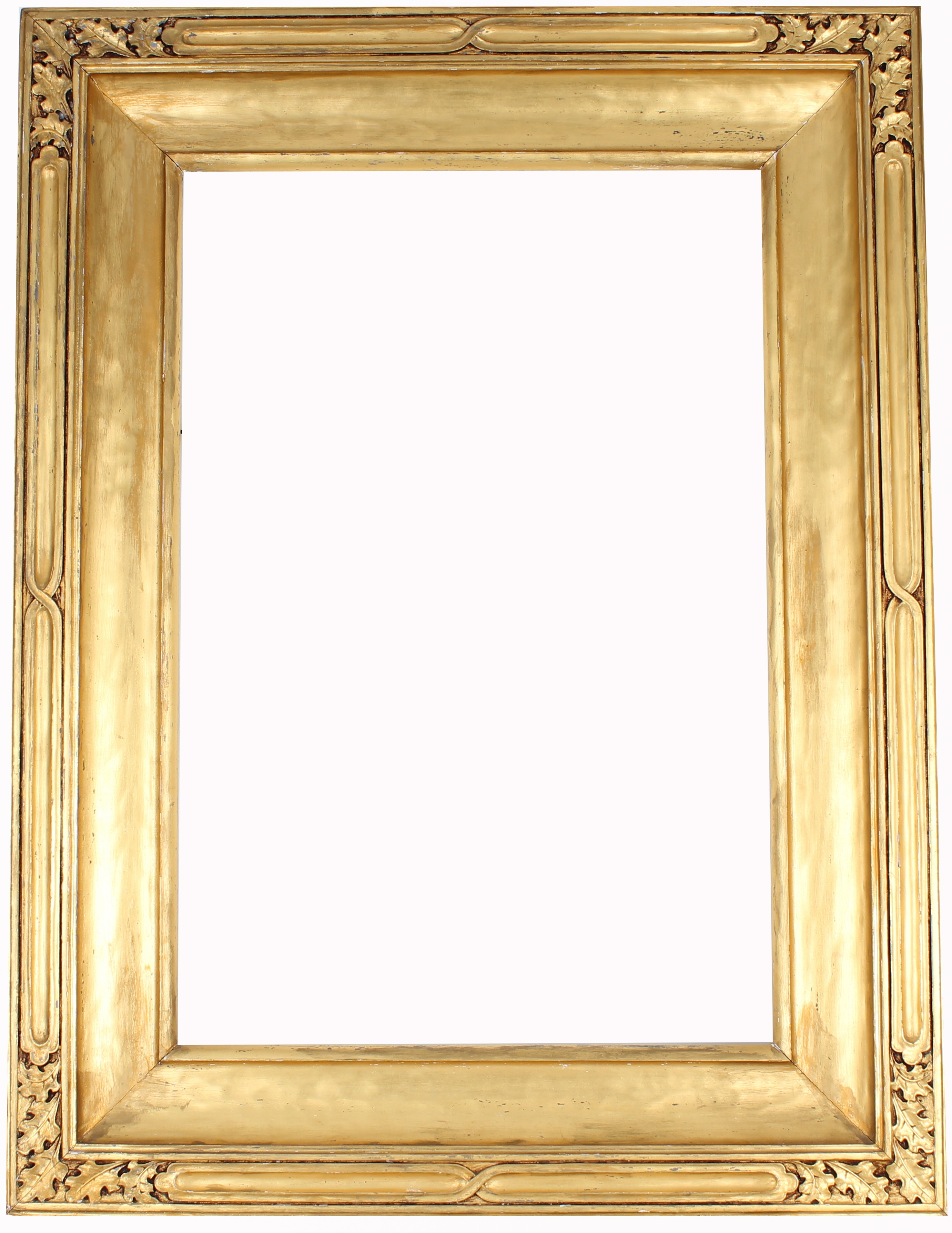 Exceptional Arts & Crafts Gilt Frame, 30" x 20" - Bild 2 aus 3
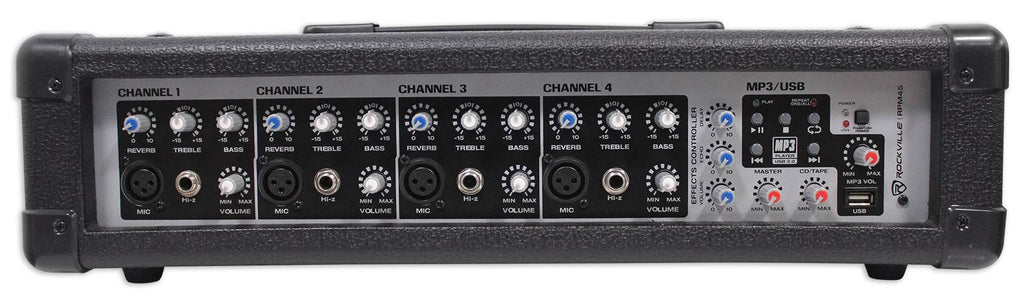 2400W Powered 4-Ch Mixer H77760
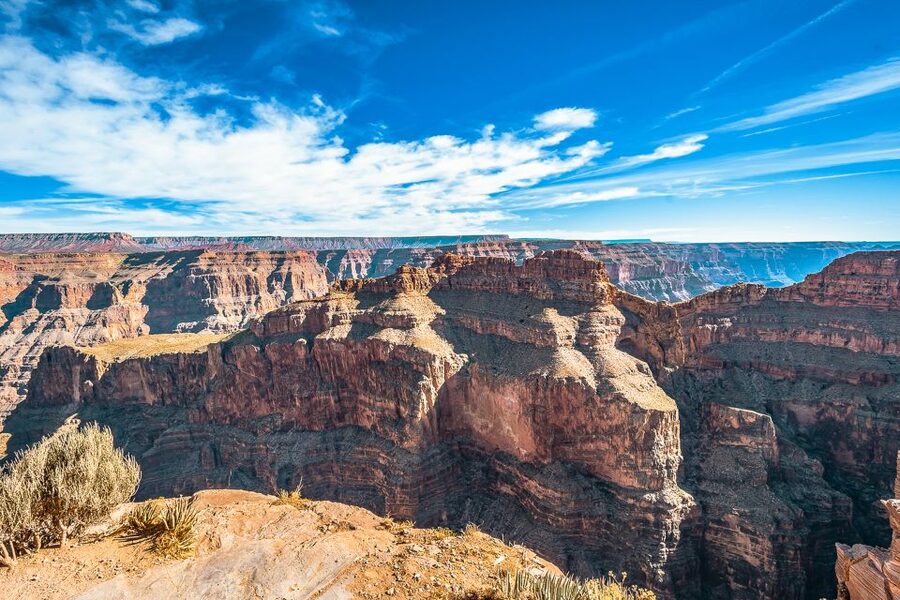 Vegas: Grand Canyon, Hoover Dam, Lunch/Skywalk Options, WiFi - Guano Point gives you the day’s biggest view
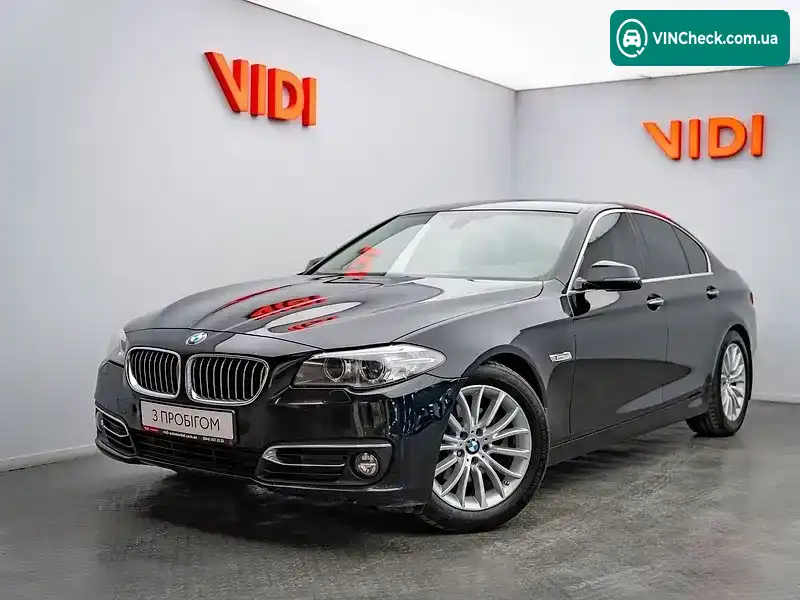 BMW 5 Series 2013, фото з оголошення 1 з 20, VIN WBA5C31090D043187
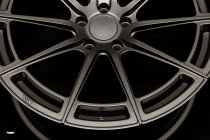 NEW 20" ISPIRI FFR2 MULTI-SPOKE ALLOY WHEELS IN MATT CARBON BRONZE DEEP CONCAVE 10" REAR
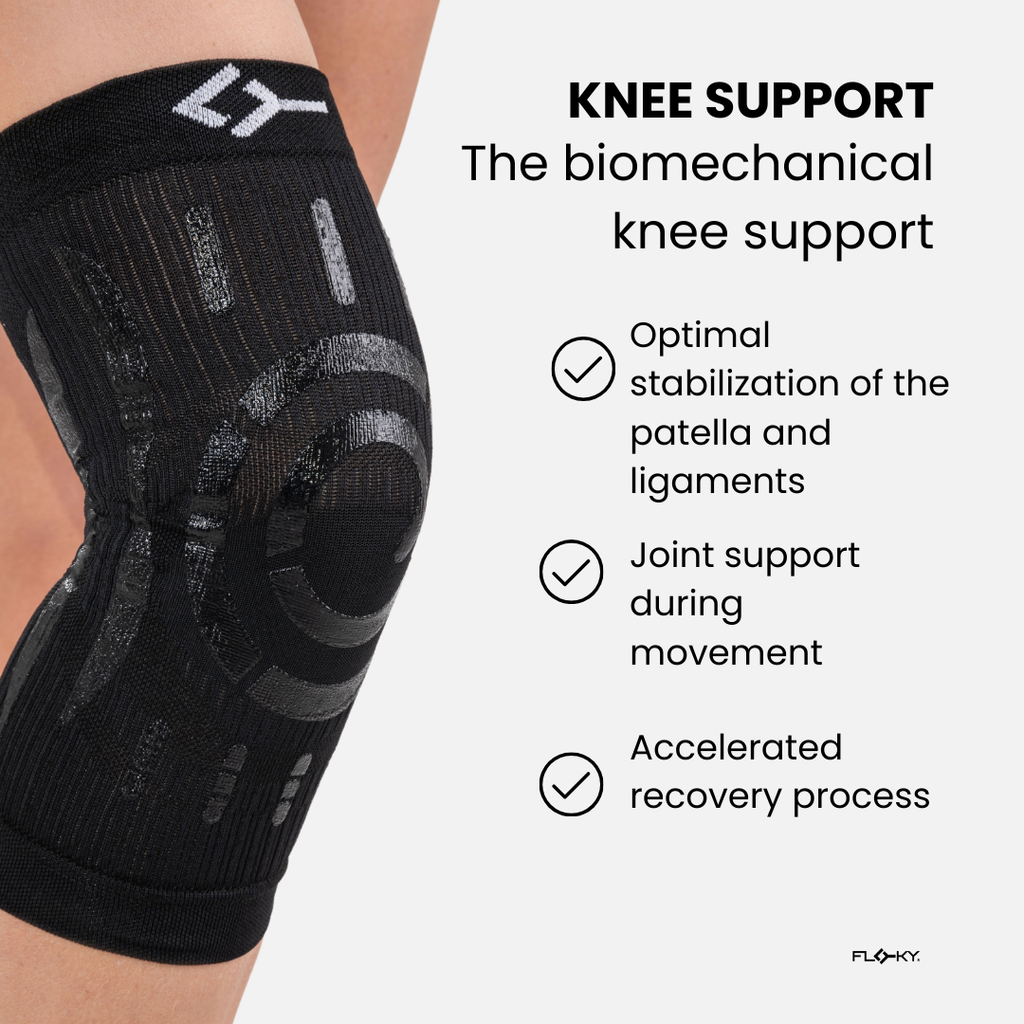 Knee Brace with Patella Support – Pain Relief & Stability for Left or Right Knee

> [Exercise]
Please retype exactly the lines from the line containing "ISPIRI FFR2 MULTI-SPOKE" through the final line of the records above, inclusive, leaving out any pictures.

> [Exercise answer]
 NEW 20" ISPIRI FFR2 MULTI-SPOKE ALLOY WHEELS IN MATT CARBON BRONZE DEEP CONCAVE 10" REAR
 Knee Brace with Patella Support – Pain Relief & Stability for Left or Right Knee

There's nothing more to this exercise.